Post by aeon » Mon Jun 06, 2016 2:44 pm

THE HOUSE AT
475 FELL ST.
© 2006 Richard Toronto

https://web.archive.org/web/20070302200 ... djohn.html

Little is known of Edward John's origin. That which was known of him by friends and acquaintances is now forgotten. His life, as we know it, began with the May 1946 issue of AMAZING STORIES magazine in a rambling, detailed letter confirming the truths of the Shaver Mystery.

The letter was postmarked San Francisco, where Edward "Ed" John shared a one bedroom apartment with his aged mother. Their modest digs were located in a row of Victorian flats on the 400 block of Fell street -- 475 to be exact.

John's incredible claim was that he believed he had found an entrance to a subterranean city, discussed in one of Shaver's stories. It all began on his remote property in Mendocino County...

"In 1931 my mother and I took up a section of land as a cattle raising homestead from the U. S. Government, and naturally, it was not a choice piece," John wrote. "As a note of interest, I had to use 30,000 rounds of ammunition, and that is perhaps why we are still here. At night I would sit up fully dressed with a rifle in my hands...In about five hours after dark, I would hear things moving outside the house, and after awhile something would try to open the door quietly, and I would wait until I saw the knob turn, then let go a clip right through the door and then pull it open and look around outside and there was nothing to be seen."

After many sleepless nights with gun in hand, Ed John began to believe something evil was out there. He witnessed other strange things. He watched two black automobiles drive down a dead end dirt road one night, and disappear!

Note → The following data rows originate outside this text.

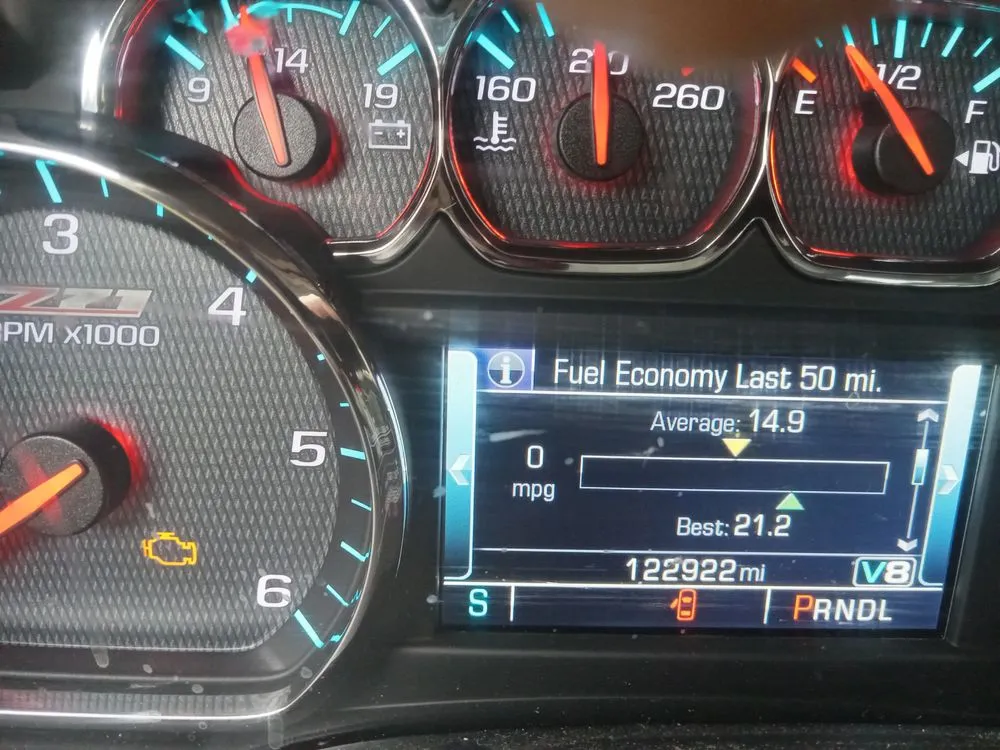 Slide of Allied home improvements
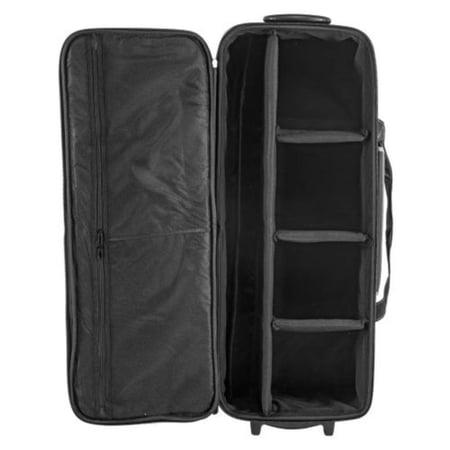 Focus Studio Roller Carry Bag, Size:94x34x25cm
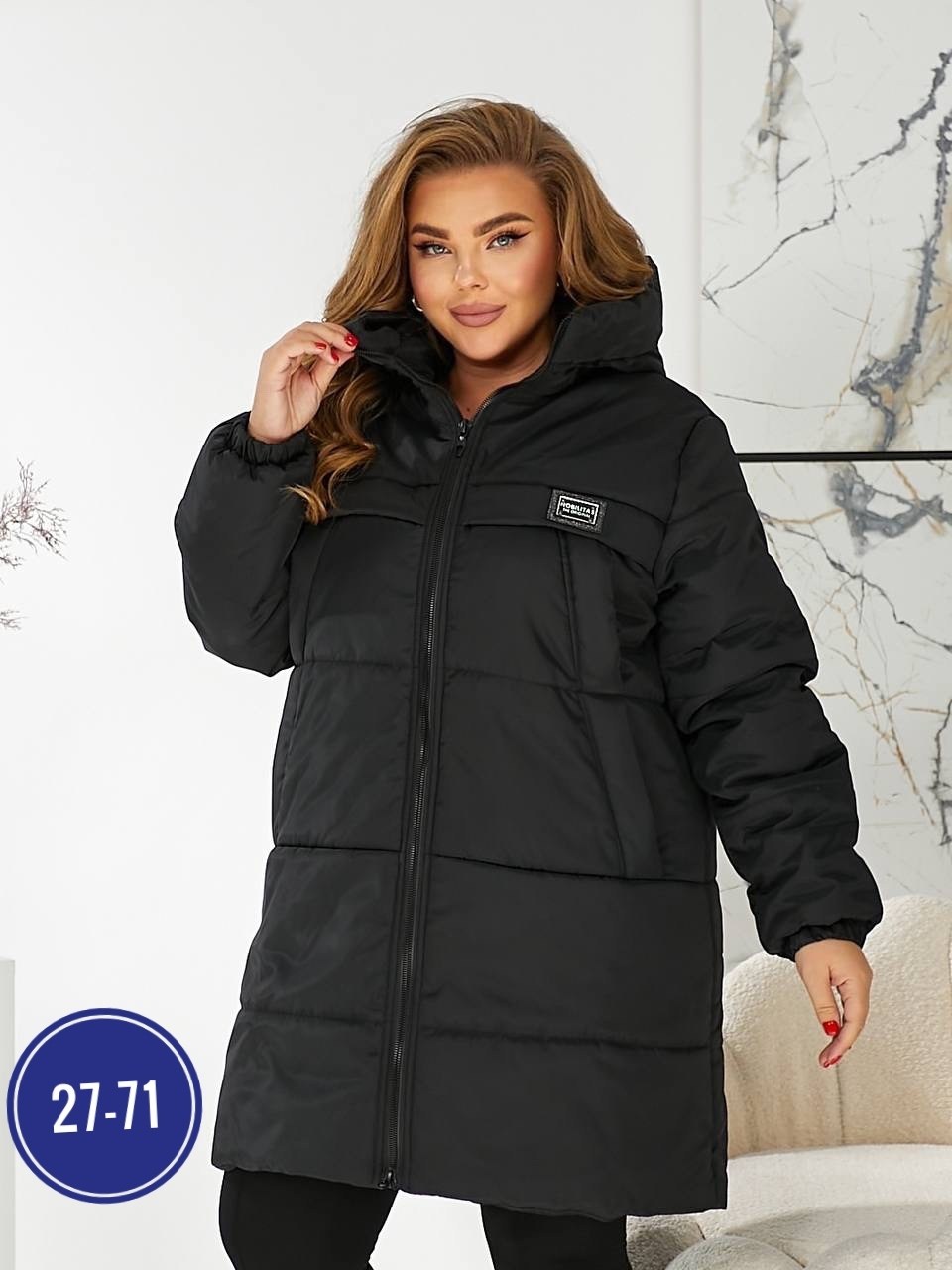 женская зимняя куртка,куртка женская демисезонная,женская зимняя куртка с капюшоном,женская куртка большого размера,куртка зимняя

"They were silent, smooth, no wavering of the lights, and the trail is extremely rough; in places it has hollows a yard deep, but these cars went through at 25 mph, and it would even wreck a jeep to do that, so you figure it out and let me know the answer..."

John fleshed out his yarn with a moody "...atmosphere of fear within 30 miles of the area..." He even offered help to readers who might want to confirm his story. Interest in the Shaver Mystery was keen in those days. His flat soon became a destination for truth seekers across the West Coast. And some of them actually trekked to Hopland for a closer look.

Upon publication of EJ's letter, Ray Palmer stoked the boiler with a challenge to AMAZING's readers.

"Here is a definite lead on just the sort of thing Mr. Shaver insists exists. The directions are specific, and it is possible some of our more adventurous readers who live nearby would like to do a little scouting."

With a little coaching from Ed John, they did.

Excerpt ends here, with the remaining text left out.